A Virtual Tour of Malawi, the ‘Warm Heart of Africa’

At the onset of the coronavirus pandemic, with journey restrictions in place worldwide, we launched a brand new collection — The World Through a Lens — by which photojournalists assist transport you, nearly, to some of our planet’s most stunning and intriguing locations. This week, Marcus Westberg shares a group of photographs from Malawi.

When I stepped off the airplane in Lilongwe as a 23-year-old, I had no thought of what to anticipate, although I used to be enthusiastic about the prospect of my first solo journey to Africa. I spent the first few days wandering round the metropolis — it felt extra like a small city than the nation’s capital — earlier than deciding that it was time to see extra of the nation.

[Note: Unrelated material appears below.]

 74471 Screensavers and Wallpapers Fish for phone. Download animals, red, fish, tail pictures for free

A landlocked nation in southeastern Africa, Malawi is usually overshadowed by its extra better-known neighbors: Tanzania, with its ample wildlife; Zambia, house of Victoria Falls; and Mozambique, with its picture-perfect seashores.

But Malawi — roughly the measurement of Pennsylvania — has lots of pure magnificence of its personal: the clear waters of Lake Malawi (near 365 miles lengthy and 52 miles large, it’s generally known as the “Calendar Lake”); the magnificent cliffs of Mount Mulanje; the distinctive highland plateau of Nyika; and its wildlife reserves, together with Liwonde and Majete, where cheetahs, lions, elephants and rhinos have been reintroduced.

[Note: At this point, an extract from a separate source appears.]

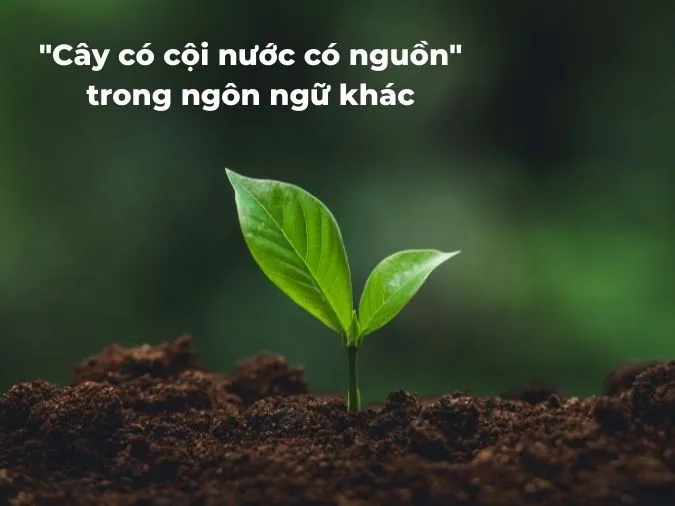 “Cây có cội nước có nguồn” có ý nghĩa gì? 3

Still, it was never the country’s natural charms that kept drawing me back. It was the people.

As a photojournalist and travel writer, I am wary of clichés and generalizations. But few countries have been awarded a more appropriate slogan than Malawi, which is known as the “Warm Heart of Africa.” While I have rarely been made to feel unwelcome anywhere during my travels, in Africa or elsewhere, Malawi has always felt different.

Of course, it would be unfair to gloss over the country’s many challenges. Crime has risen dramatically since my first visit. Sexual abuse of minors remains a significant problem, especially in more traditional, rural settings.

The coronavirus pandemic has brought much of the country, including its international tourism, to a standstill, adding uncertainty to an already precarious existence for many.

The latest in their seemingly never-ending list of projects, ideas, and initiatives is Swop Shop, where plastic collected in and around Senga Bay is exchanged for points, for which a wide array of goods can be obtained. These range from biscuits and stationery (paid for from the proceeds of selling the plastic to a recycling plant in Lilongwe) to donated clothes, tools and soccer balls.

An astonishing 40 tons of plastic, and thousands of non-reusable glass bottles, have been collected in the two years since the project’s inception. This includes 180 pounds of plastic brought in during my most recent trip by the Senga Boys under-12 soccer team, in exchange for new uniforms. Despite playing barefoot, they comfortably trounced the group of visitors I had brought from Sweden in an impromptu match — aided in small part by the cows that kept wandering onto the field and in large part by being the far better team.

Experiences like that have colored virtually all my visits to Malawi. Whether planned or spontaneous, on assignment or while going to the market for vegetables, time and time again I have found myself staying far longer than intended. As is true everywhere, mutual respect, curiosity and trust — and knowing when not to take yourself too seriously — go a long way to establish genuine connections and create meaningful relationships, whether they’re are fleeting or last for a lifetime.

As a mzungu, the ubiquitous name for a white person in much of southern and eastern Africa, my obvious foreignness and my earnest, if seemingly hopeless, attempts to communicate in Chichewa tend to create enough curiosity to dissolve any awkwardness or tension, especially when accompanied by a big smile and an apparent appreciation of the rather complex local handshaking culture.

(It is perhaps appropriate to point out that the photos of children included here were taken in the presence of teachers or parents while working alongside the local staff of the nonprofit organizations funding the schools, boreholes or agriculture programs I was there to photograph. Whether in a school or a village, my general policy is to not take any photos until I have been introduced and done what I can to ensure that everyone is comfortable having me there, to the extent that this is feasible.)

Like anywhere else, Malawi is a complex a society, full of contradictions and complications. How could it not be? And yet, if you were to ask me where in the world I would feel the most comfortable walking up to a stranger — any stranger — to start a conversation, my answer, simultaneously recognizing and ignoring my own subjectivity, would unhesitatingly be Malawi.